What this task involves
Your output should be the lines below from the one with "Acanthus Fence Trellis" through the one with "Cubanos podrán dejar", copied exactly, pictures excluded.

Extracted material
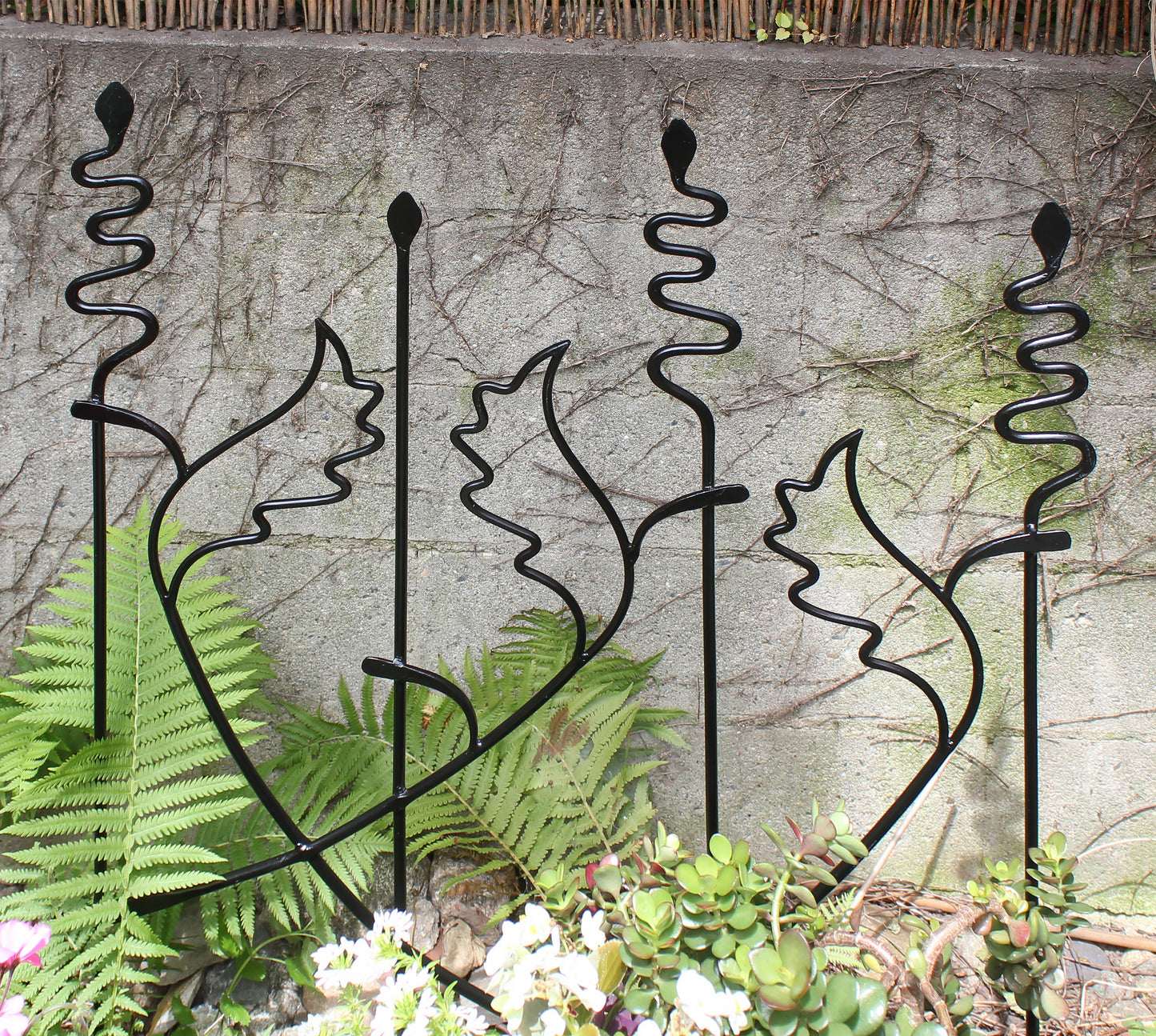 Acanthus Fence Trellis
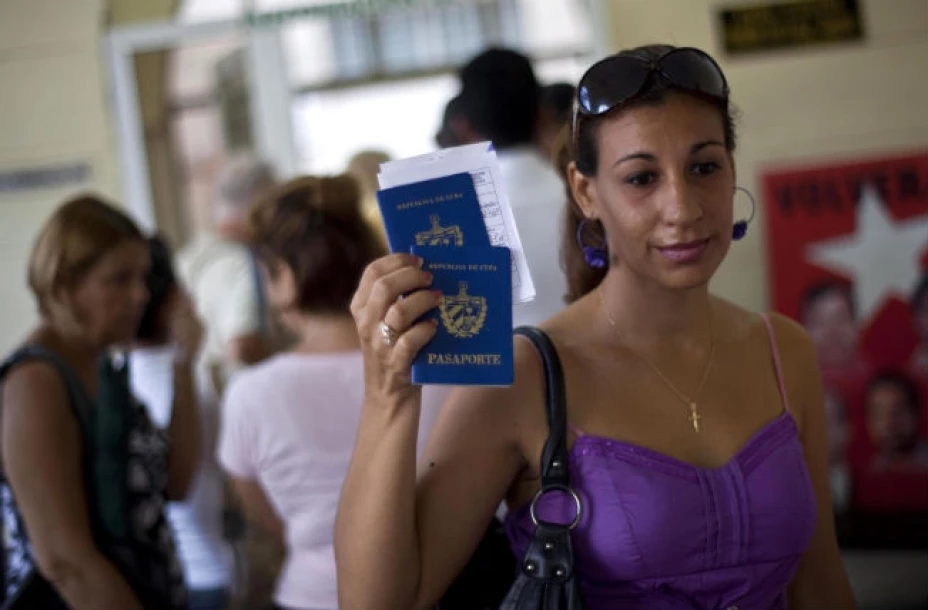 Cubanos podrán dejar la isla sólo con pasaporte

--

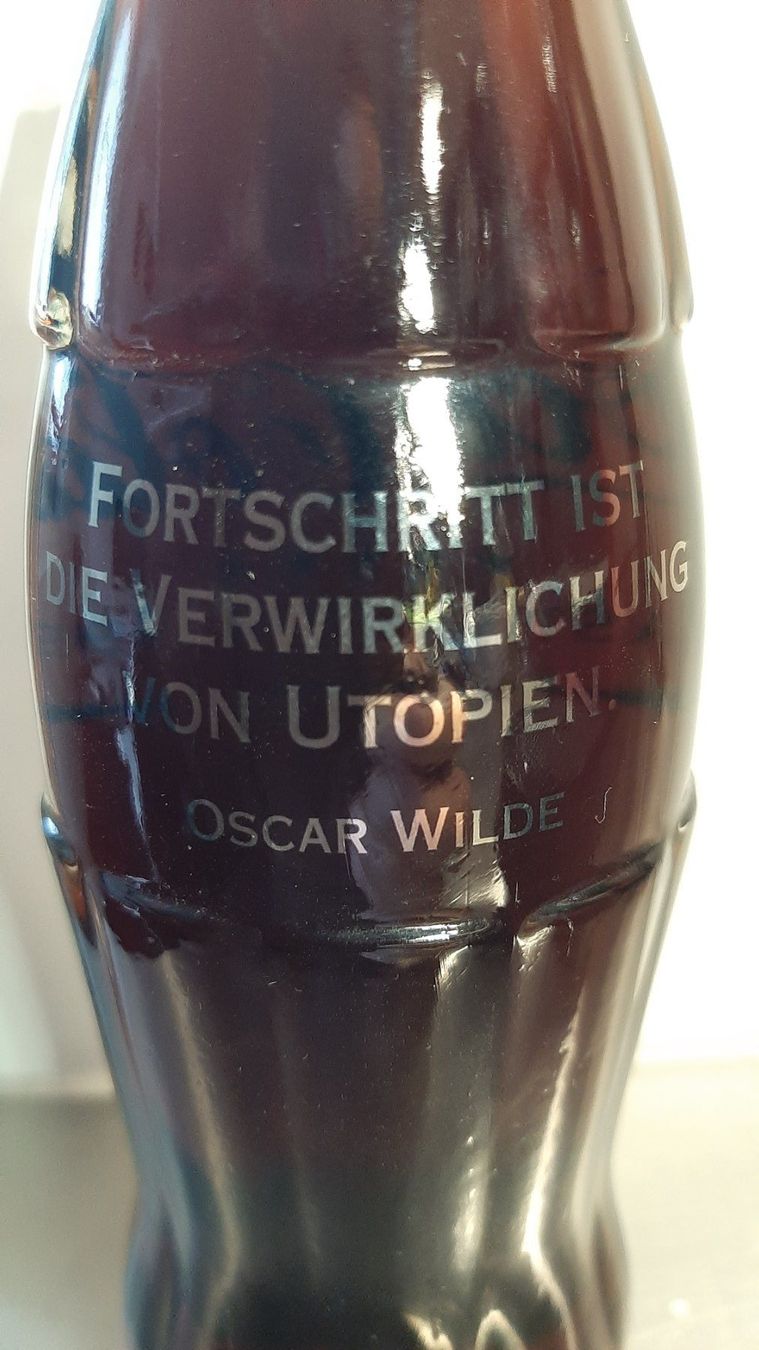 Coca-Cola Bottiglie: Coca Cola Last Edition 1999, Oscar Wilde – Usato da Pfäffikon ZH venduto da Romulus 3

Answer
 Acanthus Fence Trellis
 Cubanos podrán dejar la isla sólo con pasaporte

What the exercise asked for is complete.